Geometric active contour, or geodesic active contour (GAC) or conformal active contours employs ideas from Euclidean curve shortening evolution. Contours split and merge depending on the detection of objects in the image. These models are largely inspired by level sets, and have been extensively employed in medical image computing.

For example, the gradient descent curve evolution equation of GAC is

$\frac{\partial C}{\partial t} = g(I)(c+\kappa)\vec{N}-\langle \, \nabla g,\vec{N}\rangle\vec{N}$

where $g(I)$ is a halting function, c is a Lagrange multiplier, $\kappa$ is the curvature, and $\vec{N}$ is the unit inward normal. This particular form of curve evolution equation is only dependent on the velocity in the normal direction. It therefore can be rewritten equivalently in an Eulerian form by inserting the level set function $\Phi$ into it as follows

$\frac{\partial \Phi}{\partial t} = |\nabla \Phi| \operatorname{div} \Bigg ( g(I)\frac{ \nabla \Phi}{|\nabla \Phi|} \Bigg ) + c g(I) |\nabla \Phi|$

This simple yet powerful level-set reformation enables active contours to handle topology changes during the gradient descent curve evolution. It has inspired tremendous progress in the related fields, and using numerical methods to solve the level-set reformulation is now commonly known as the level-set method. Although the level set method has become quite a popular tool for implementing active contours, Wang and Chan argued that not all curve evolution equations should be directly solved by it.

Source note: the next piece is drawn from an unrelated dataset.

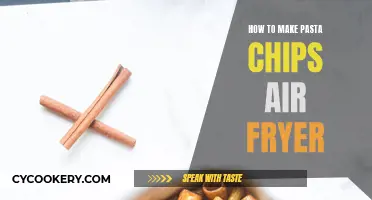 Air Fryer Pasta Chips: A Quick, Crispy Treat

More recent developments in active contours address modeling of regional properties, incorporation of flexible shape priors and fully automatic segmentation, etc.

Statistical models combining local and global features have been formulated by Lankton and Allen Tannenbaum.

== Relations to graph cuts ==
Graph cuts, or max-flow/min-cut, is a generic method for minimizing a particular form of energy called Markov random field (MRF) energy. The Graph cuts method has been applied to image segmentation as well, and it sometimes outperforms the level set method when the model is MRF or can be approximated by MRF.